Probably the hardest part of the lot, I wanted a good time for the level I am currently at which meant I needed to put the time in. Roughly one long run a week of either 17 or 20ish miles. At my level, this is 3 hours on just one run. I found that juggling this with family life and the kids a challenge in itself. I started running at 19:30 on a Thursday night for long runs, just after the kids got to bed, but after six weeks of this it started taking its toll on me. I started to find I was probably not gaining anything by doing it so late and the last 2 weeks of training see me take afternoons off work in order to get more benefit.
Other runs included club nights and lunch time runs at work, I also managed a run first thing on a Saturday. I tried to get a tempo run in once a week and that normally was my club night run. Most of my training weeks were around the 30-mile mark. I had never done a marathon race before, however, I had covered the distance twice in my ultra-training. My best time for a marathon then was 4:45.
I had a wobble on the Thursday before the race, my body did not feel right and I just felt drained. I had the day off sick (I had never taken a day off sick prior!) and thankfully sorted myself out. On the Sunday morning, I had my final bowl of carbs and got myself at the start line, I wanted under 4 hours which I felt was achievable. That is an average pace of just over 9 min miles. I set off around 8 min miles, in hind sight this may have been too quick as I later found out.
At the 3 mile mark I caught up with the eventual first lady home of the race. Her name was Hayley, I stuck with Hayley up to mile 14 which is when I felt the onset of cramp coming so had to slow down. I will never forget Hayley, everybody knows her, walkers, runners, cyclists, cars, in fact, just by mile 6 I thought about changing my name to Hayley!

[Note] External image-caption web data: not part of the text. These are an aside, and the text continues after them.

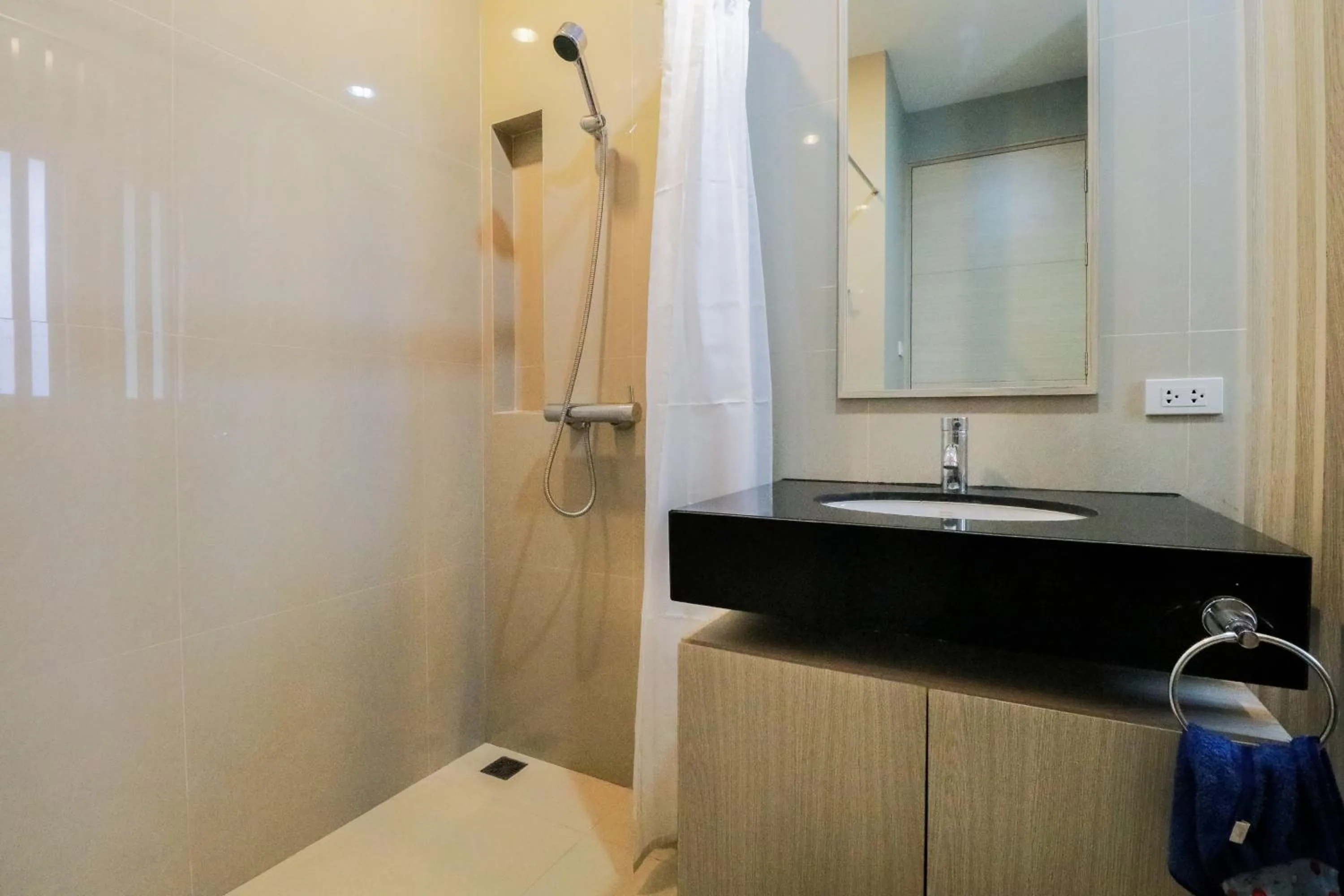Shower in Chaum Haus Pool Villas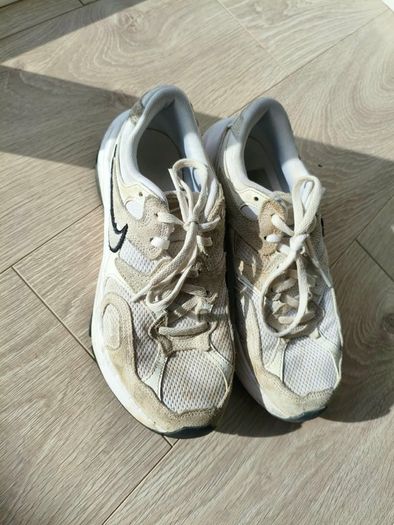 Nike trainers - beige and white - size UK 5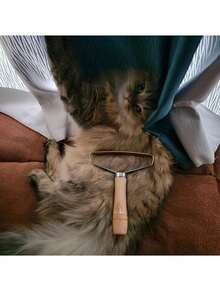 1 Pack Gentle Pet Hair Removal Brush For Cats And Dogs, Effectively Removes Pet Hair, Sofa Carpet Bed Hair Scraper, Removes Clothing Hair - Multicolor - View 7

I got myself up to mile 18 and the cramp finally caught me, I had to stop and stretch for a min or so, ever so conscious of the clock ticking. A couple at the side of the road offered me some water and I gladly necked half a bottle. A quick thankyou and off I went in the hunt of the finish line. I found myself running on my own around the 16-mile mark, but after my spat of cramp I started to get lonely. It was starting to hit me and I had to keep thinking about the next water/sponge station where I would have contact and cheers.
This is where Nigel Eldridge gave me a nice boost around the 23m mark. After that little boost I then sort of got moving. Sort of because It was all hills, I was sick of hills, I was tired, and I wanted to finish. The boost came from all the people not used to hills. I managed to keep running where others were not and I was able to pass 4 people on this nasty final hill stage. At the top of the hill into Cowes I met Sally Roberts and Rosie Eldridge, another huge boost that got me through the final stage.
It was at this point that I knew the finish was near and although fighting cramp, I did not want to lose my place. Consistently checking over my shoulder looking for anybody trying to sneak up on me I kept a good pace for the last mile. Thankfully, I was well clear and I finished just under 3 hr 47min.
A marathon is not for the faint hearted, the time to train is draining. But the result and feeling you get at the end is indescribable. A sense of achievement. And it leaves me to want more. I have been running for 10 months now, I know I can run, I now need to work on my speed.
I am signed up for next year’s IOW ultra and I want a top ten finish, I already have next year’s half marathon in mind, I feel I can get this under 1 hr 30m. And then I shall no doubt be doing the marathon again. Sub 3:45 will be the goal, but if the ultra-training goes well, there should be no reason why I can’t go for sub 3:30.